Ouais, ben il démentira lui-même le double avatar que je lui prête.

Je n'ai rien d'autre à répondre à cette copie à peine édulcorée des thèses créationnistes qui, de toute façon, dépassent le terrain propre de la linguistique et sont imperméables aux vérités factuelles.

La preuve : il n'y a pas de réponse à ma question portée en gras. Il n'y a jamais de réponse avec chrisor - linguiste1, pas plus qu'avec trou-du-cul, son prochain avatar.

Au fait, le [k] de cul, il ouvre ou il ferme ?

Pour ce qui est du clavecin, je n'ose pas croire que vous n'avez pas perçu le trait d'ironie qui consiste à feindre d'adopter les thèses de chrisor pour mieux... s'en moquer. La réponse sérieuse - mais inconséquente - que vous me faites est peut-être un troisième degré ? En cas, bravo ! Vous m'avez eu. Sinon...

Les membres du KKK agissaient au début à visage découvert. La cagoule venue plus tard et les évolutions autour d'un feu, c'était pour impressionner les Noirs et non pour se dissimuler.

3 802

Bonjour Lévine.

Il parait selon certains que je serais un troll de Chrisor. Je ne suis qu'un lecteur très sporadique de ce fil de discussion car la motivation des mots m'intéresse.

Je n'ai pas tout lu la prose de Chrisor mais j'ai enregistré le sens qu'il donne à ''ses codons''.
Cl : fermeture/retentissant

Lévine en critiquant Chrisor avec votre remarque sur le clavecin, vous démontrez au contraire  la pertinence du sens de retentissement qu'il accorde à ''cl''. Relisez-vous

Lévine a écrit:

Ah si, pour "clavecin", il y a bien une idée de fermeture : quand j'en joue, tout le monde se bouche les oreilles !

Admettez que si tout le monde se bouche les oreilles ,c'est que les dissonances que vous émettez sont quelque peu retentissantes.
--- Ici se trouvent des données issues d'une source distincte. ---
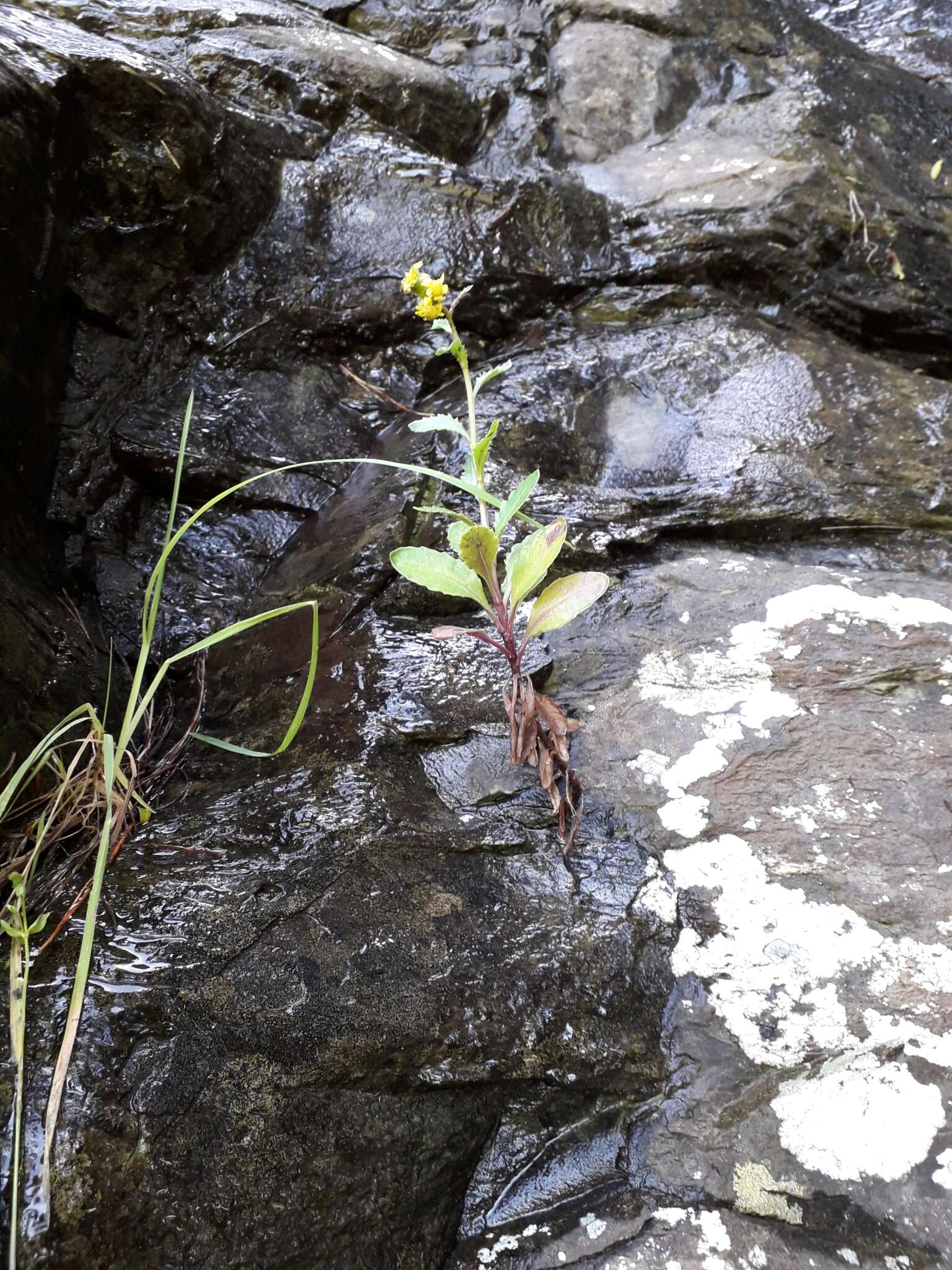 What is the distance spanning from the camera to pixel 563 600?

Mais reconnaître vos erreurs (bien humaines) semblent une vertu que vous ne possédez pas.

Comme vous l'avez fait remarquer avec les dents du peigne, des mots accroissent leur polysémie par métaphore. Je pense que Chrisor devrait lui  en tenir compte pour ses analyses.
__________________
Pour votre critique sur le Ku-Klux-Klan, je ne pense pas que ce club raciste était ouvert aux noirs et le port de cagoules était bien aussi une manière de cacher l'identité des membres enfermés sous leurs ''chasubles''.

Toujours selon Chrisor l'un des sens de la consonne K renverrait à la notion de ténèbres et de mort (to kill). Les Kennedy l'ont appris à leurs dépends.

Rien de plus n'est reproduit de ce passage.